**** Data to examine ****
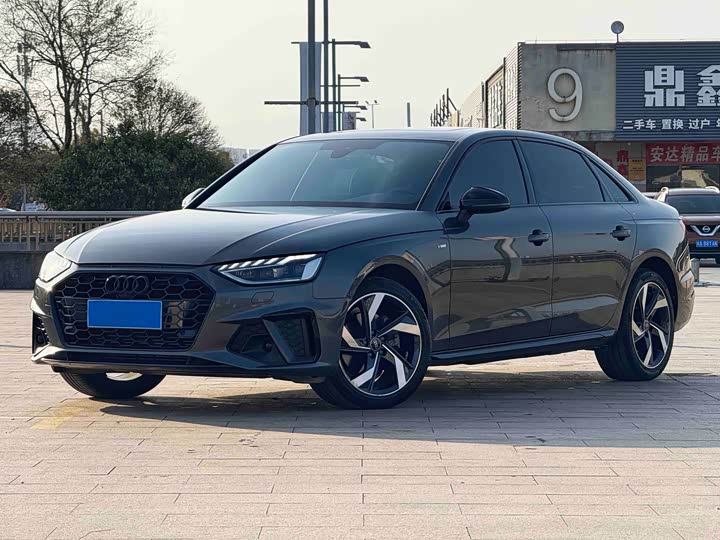 Audi A4L 2023 40 TFSI Bang&Olufsen Starry Night Edition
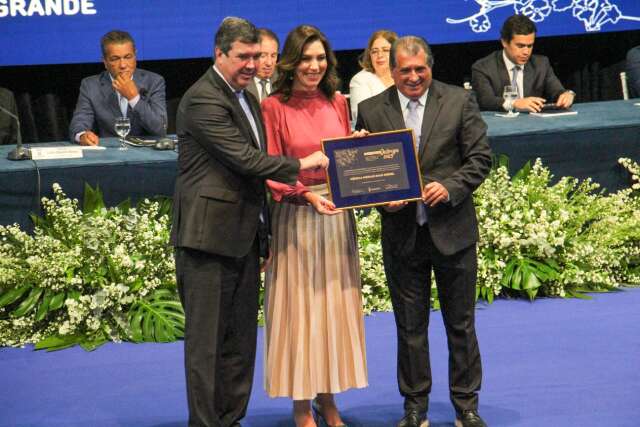 De ministra a m&uacute;sico, vereadores fazem evento para homenagear personalidades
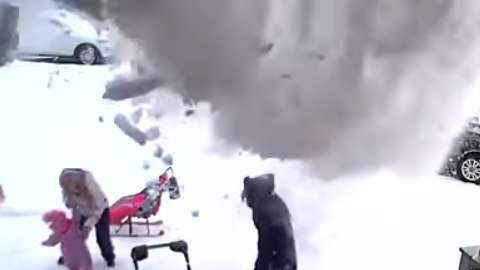 El pedazo de nieve se desprendió del techo.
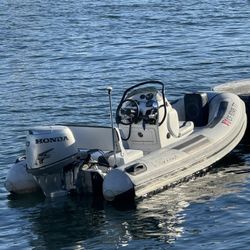Rare 2004 11’ Nautica deluxe 30hp Honda 4 Stroke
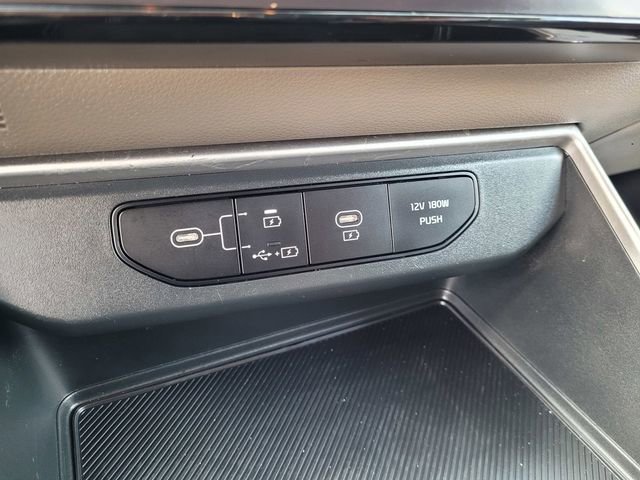 Used 2025 Kia Carnival LX FWD image 14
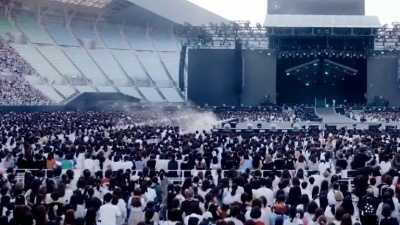 搞蛋超人 - 【BTS】《Outro:tear》现场超清中字|我活着为了理解世界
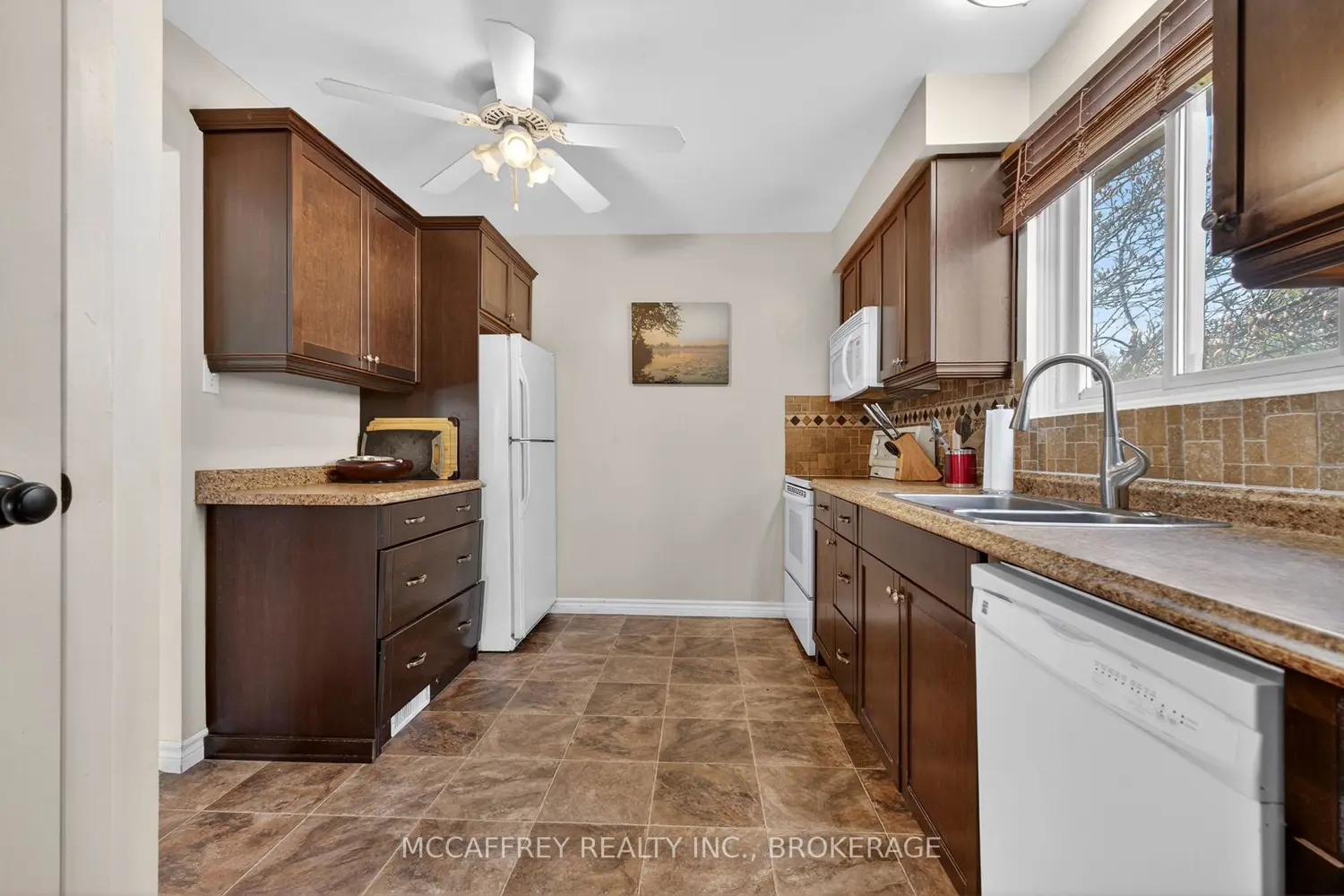Additional image 4 of 1075 Basswood Place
****
• Task details: Pictures are to be dropped; the lines from the start of the entries above through the line with "Rare 2004 11’" are to be given again verbatim.

• Response:
 Audi A4L 2023 40 TFSI Bang&Olufsen Starry Night Edition
 De ministra a m&uacute;sico, vereadores fazem evento para homenagear personalidades
 El pedazo de nieve se desprendió del techo.
Rare 2004 11’ Nautica deluxe 30hp Honda 4 Stroke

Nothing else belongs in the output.